■ WHAT THIS TASK INVOLVES
Look below for the line with "AFC Richmond Men's", and from there restate every line word for word until the entries end.

::::::::::

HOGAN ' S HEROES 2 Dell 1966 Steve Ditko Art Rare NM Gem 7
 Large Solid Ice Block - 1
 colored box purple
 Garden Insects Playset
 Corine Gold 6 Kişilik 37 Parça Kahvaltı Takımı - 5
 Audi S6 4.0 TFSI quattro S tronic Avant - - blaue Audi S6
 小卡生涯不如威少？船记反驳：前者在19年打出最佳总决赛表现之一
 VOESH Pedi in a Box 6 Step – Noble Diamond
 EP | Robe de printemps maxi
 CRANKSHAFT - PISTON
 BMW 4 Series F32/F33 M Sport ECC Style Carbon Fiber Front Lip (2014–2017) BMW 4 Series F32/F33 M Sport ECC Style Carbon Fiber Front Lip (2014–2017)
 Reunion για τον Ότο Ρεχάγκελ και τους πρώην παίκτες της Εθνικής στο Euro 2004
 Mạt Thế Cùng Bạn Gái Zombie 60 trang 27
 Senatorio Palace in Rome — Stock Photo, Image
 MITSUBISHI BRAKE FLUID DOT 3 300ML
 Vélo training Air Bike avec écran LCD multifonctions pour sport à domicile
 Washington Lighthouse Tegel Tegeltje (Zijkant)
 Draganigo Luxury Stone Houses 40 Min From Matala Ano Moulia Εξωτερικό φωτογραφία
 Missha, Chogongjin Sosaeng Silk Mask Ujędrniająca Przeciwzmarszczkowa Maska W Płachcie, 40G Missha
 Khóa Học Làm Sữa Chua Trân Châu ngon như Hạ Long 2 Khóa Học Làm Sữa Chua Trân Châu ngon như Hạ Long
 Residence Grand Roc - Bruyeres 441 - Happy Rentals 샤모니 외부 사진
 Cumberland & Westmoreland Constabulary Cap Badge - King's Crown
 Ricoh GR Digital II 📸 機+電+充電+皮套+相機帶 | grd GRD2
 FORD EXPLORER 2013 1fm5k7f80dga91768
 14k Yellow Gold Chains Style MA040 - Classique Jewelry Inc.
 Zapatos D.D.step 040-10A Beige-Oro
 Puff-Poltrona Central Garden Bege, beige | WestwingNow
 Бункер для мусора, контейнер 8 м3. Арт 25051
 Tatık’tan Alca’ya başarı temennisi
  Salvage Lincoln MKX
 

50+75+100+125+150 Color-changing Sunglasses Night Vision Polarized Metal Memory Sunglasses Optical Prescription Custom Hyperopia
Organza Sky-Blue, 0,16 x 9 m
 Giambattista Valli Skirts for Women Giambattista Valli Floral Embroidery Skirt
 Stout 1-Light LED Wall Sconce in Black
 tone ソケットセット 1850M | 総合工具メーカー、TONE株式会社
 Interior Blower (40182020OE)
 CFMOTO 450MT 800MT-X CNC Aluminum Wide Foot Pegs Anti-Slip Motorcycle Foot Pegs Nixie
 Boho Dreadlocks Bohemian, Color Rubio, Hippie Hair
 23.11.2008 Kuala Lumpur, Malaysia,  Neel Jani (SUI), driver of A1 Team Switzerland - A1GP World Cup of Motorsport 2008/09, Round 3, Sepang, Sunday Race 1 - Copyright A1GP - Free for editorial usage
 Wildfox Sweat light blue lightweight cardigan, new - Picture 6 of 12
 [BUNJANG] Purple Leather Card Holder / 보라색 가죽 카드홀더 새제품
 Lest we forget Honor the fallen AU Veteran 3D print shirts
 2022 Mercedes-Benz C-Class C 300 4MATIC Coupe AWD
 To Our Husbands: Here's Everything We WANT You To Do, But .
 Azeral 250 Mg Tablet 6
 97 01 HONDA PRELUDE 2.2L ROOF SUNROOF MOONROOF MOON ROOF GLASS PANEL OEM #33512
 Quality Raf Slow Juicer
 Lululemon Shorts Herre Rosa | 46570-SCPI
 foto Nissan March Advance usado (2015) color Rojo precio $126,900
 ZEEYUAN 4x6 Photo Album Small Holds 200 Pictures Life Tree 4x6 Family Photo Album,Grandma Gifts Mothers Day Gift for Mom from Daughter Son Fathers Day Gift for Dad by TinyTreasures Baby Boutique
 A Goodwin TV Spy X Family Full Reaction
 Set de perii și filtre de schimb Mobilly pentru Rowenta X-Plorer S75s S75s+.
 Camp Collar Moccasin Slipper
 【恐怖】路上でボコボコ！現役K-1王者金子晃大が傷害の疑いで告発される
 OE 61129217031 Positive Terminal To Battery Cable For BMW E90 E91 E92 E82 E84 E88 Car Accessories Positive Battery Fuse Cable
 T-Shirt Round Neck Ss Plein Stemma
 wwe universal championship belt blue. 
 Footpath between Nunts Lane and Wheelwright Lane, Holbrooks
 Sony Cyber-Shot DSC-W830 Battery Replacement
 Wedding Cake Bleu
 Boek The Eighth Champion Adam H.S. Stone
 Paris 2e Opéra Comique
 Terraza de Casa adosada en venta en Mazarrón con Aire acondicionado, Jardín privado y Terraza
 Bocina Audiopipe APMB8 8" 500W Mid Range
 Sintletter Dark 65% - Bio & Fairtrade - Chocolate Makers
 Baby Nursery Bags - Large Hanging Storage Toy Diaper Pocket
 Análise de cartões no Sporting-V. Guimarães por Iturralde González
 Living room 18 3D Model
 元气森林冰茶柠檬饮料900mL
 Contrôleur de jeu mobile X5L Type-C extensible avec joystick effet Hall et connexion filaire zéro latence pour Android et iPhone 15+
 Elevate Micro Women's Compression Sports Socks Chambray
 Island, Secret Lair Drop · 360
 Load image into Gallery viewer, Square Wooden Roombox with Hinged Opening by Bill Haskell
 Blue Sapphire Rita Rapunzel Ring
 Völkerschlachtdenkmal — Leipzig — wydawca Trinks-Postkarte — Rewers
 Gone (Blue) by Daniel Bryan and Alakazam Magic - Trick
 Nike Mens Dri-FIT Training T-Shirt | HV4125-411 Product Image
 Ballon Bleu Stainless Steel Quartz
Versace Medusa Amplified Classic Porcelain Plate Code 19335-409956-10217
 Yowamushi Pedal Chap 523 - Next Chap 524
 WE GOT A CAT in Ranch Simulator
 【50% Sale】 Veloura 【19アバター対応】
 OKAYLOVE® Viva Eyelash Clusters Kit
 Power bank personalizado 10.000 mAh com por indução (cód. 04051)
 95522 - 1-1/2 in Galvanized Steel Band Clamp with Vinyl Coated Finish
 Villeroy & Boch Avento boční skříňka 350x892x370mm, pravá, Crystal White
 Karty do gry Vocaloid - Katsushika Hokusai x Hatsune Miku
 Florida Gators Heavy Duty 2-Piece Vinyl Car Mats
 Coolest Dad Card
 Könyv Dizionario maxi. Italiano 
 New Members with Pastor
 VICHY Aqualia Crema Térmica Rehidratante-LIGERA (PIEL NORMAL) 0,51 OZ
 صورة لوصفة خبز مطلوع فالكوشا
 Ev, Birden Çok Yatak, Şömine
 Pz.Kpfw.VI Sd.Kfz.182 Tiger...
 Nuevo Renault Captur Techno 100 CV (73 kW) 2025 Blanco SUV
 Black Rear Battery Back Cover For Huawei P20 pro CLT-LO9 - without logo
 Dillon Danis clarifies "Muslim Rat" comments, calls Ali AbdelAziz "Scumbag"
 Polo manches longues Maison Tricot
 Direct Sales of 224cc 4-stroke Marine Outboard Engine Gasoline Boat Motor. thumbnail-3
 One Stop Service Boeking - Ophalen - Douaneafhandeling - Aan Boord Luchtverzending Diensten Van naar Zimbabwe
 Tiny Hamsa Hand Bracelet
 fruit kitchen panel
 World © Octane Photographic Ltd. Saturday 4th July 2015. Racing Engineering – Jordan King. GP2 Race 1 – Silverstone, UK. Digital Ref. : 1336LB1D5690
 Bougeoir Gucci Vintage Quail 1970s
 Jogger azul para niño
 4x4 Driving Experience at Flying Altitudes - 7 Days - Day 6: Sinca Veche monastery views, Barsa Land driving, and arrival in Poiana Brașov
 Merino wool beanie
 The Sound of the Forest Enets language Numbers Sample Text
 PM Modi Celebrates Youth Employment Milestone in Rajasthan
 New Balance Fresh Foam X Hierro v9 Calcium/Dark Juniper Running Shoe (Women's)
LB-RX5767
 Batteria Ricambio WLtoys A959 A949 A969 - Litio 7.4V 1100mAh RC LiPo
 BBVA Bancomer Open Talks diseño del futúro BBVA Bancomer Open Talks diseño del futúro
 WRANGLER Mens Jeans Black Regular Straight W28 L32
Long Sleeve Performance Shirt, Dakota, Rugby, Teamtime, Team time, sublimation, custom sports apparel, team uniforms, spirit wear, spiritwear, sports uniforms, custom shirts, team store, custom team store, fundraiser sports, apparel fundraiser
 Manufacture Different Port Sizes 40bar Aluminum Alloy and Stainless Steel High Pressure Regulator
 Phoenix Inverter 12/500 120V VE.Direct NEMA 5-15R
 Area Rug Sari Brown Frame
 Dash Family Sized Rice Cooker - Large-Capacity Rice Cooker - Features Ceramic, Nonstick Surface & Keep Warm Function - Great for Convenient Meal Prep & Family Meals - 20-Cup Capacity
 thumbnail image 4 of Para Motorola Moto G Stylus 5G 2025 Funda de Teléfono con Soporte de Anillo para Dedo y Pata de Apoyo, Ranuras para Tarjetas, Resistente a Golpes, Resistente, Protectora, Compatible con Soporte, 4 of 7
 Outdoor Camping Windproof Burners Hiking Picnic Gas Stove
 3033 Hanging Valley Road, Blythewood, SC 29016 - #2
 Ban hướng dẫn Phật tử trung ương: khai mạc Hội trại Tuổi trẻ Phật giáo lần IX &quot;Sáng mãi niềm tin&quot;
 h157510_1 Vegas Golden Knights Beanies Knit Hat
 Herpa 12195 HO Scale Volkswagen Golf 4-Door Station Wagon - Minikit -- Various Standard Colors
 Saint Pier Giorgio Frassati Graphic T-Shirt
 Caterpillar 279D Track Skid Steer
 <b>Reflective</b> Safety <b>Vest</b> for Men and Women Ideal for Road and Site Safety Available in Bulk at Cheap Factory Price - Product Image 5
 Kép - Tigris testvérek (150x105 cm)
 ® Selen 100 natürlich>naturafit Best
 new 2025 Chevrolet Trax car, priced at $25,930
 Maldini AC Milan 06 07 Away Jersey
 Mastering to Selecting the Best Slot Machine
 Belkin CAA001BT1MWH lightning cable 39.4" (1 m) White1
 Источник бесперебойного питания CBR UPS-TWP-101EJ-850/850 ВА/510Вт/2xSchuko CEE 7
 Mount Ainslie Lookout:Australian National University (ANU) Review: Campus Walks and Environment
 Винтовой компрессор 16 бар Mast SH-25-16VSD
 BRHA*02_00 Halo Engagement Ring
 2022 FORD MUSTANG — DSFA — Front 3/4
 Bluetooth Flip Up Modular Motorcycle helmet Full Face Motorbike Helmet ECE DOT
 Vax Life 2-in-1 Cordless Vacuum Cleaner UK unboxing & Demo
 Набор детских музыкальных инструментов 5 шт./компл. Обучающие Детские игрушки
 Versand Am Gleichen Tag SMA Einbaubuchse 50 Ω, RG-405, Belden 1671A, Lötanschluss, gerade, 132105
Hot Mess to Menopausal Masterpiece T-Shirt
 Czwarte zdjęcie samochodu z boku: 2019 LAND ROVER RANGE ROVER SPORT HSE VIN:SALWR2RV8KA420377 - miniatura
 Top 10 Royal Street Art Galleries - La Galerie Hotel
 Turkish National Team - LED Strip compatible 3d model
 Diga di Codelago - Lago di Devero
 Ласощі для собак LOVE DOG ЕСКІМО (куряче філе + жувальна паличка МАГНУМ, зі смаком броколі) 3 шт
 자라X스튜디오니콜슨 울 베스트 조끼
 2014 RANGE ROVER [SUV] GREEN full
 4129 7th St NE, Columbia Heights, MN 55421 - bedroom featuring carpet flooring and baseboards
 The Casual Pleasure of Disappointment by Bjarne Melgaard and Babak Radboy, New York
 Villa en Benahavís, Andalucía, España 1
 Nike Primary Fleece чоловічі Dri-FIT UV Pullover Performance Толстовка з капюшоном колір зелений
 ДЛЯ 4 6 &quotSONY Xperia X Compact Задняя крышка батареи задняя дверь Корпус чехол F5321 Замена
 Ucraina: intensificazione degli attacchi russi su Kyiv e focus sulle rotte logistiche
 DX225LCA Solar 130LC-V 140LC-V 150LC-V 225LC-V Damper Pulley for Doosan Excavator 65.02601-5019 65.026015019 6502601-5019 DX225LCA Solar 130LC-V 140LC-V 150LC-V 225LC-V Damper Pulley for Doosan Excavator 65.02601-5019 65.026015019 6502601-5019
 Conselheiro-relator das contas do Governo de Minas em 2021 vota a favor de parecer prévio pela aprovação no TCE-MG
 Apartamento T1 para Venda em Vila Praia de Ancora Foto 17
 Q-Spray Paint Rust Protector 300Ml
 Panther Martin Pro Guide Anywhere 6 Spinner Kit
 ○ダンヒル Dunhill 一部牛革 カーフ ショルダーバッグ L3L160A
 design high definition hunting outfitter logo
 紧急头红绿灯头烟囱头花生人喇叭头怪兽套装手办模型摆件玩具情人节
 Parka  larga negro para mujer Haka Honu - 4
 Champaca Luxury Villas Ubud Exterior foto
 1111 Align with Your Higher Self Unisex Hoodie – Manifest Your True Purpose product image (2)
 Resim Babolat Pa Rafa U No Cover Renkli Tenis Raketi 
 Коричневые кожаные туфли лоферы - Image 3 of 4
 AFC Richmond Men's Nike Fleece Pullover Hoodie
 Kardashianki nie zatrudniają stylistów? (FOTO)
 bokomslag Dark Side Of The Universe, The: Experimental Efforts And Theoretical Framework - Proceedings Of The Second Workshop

::::::::::

■ WRITTEN SOLUTION
 AFC Richmond Men's Nike Fleece Pullover Hoodie
 Kardashianki nie zatrudniają stylistów? (FOTO)
 bokomslag Dark Side Of The Universe, The: Experimental Efforts And Theoretical Framework - Proceedings Of The Second Workshop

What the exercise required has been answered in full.